━━ Data extracts
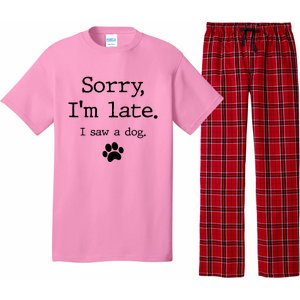 Sorry IM Late I Saw A Dog Pajama Set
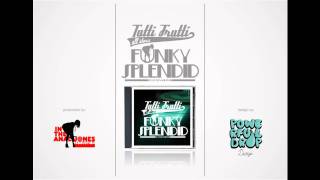 Tutti Frutti All Stars - Funk, Soul & Jazz (FUNKY SPLENDID MOMCI IZVANREDNI) 2010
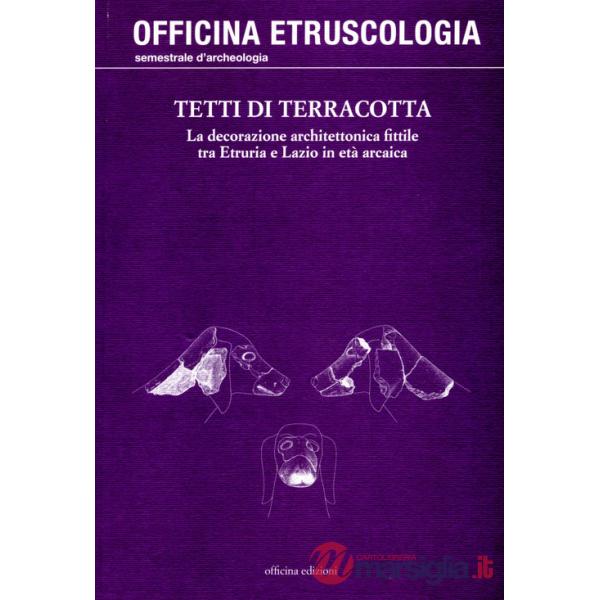 Tetti di terracotta. La decorazione architettonica fittile tra Etruria e Lazio in età arcaica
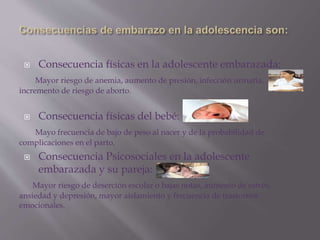  Consecuencia físicas en la adolescente embarazada:
Mayor riesgo de anemia, aumento de presión, infección urinaria,
incremento de riesgo de aborto.
 Consecuencia físicas del bebé:
Mayo frecuencia de bajo de peso al nacer y de la probabilidad de
complicaciones en el parto.
 Consecuencia Psicosociales en la adolescente
embarazada y su pareja:
Mayor riesgo de deserción escolar o bajas notas, aumento de estrés,
ansiedad y depresión, mayor aislamiento y frecuencia de trastornos
emocionales.
 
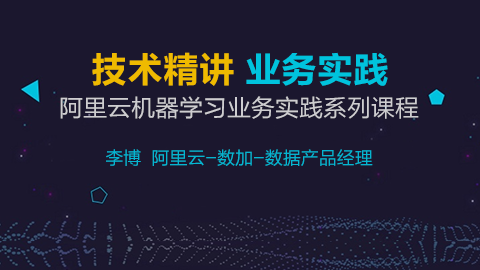 技术精讲、业务实践！阿里人工智能机器学习精品课程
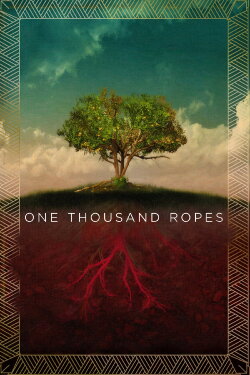 One Thousand Ropes (2017) One Thousand Ropes (2017)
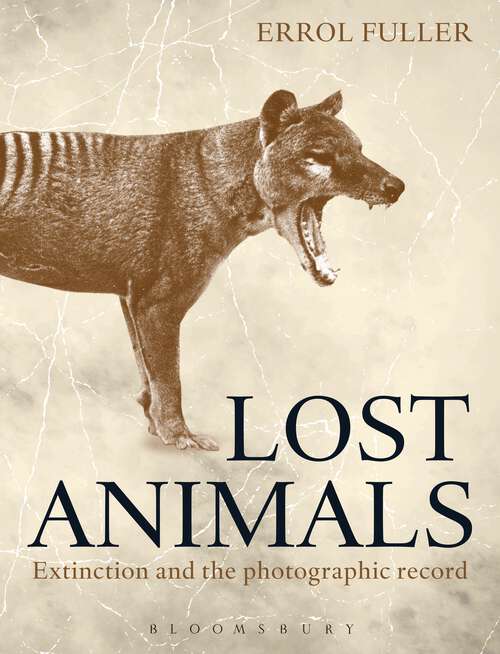 Book cover of Lost Animals: Extinction and the Photographic Record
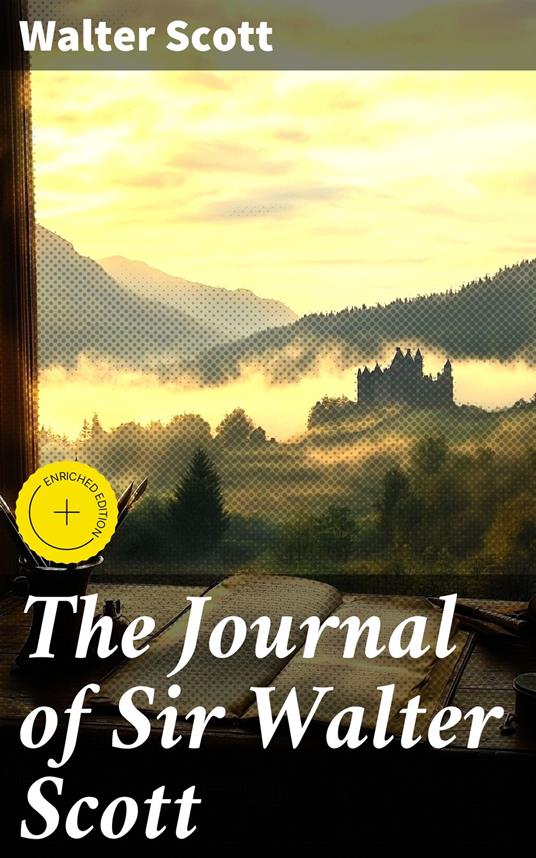 The Journal of Sir Walter Scott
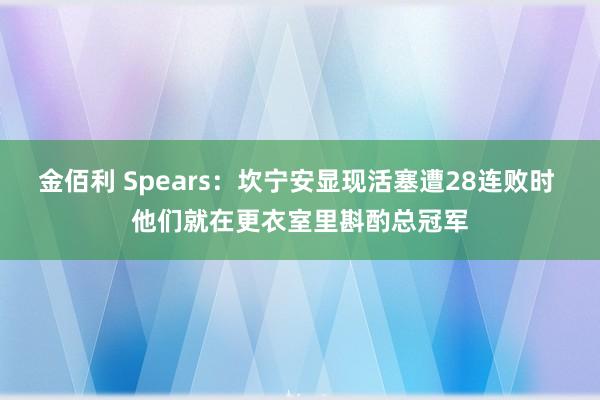 金佰利 Spears：坎宁安显现活塞遭28连败时 他们就在更衣室里斟酌总冠军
━━━━
Task requirements: Output only the lines above from the line that holds "Mayor riesgo de deserción" through the line that holds "One Thousand Ropes (2017) One", both ends included, and exclude pictures.

Exercise answer:
Mayor riesgo de deserción escolar o bajas notas, aumento de estrés,
ansiedad y depresión, mayor aislamiento y frecuencia de trastornos
emocionales.
 
 技术精讲、业务实践！阿里人工智能机器学习精品课程
 One Thousand Ropes (2017) One Thousand Ropes (2017)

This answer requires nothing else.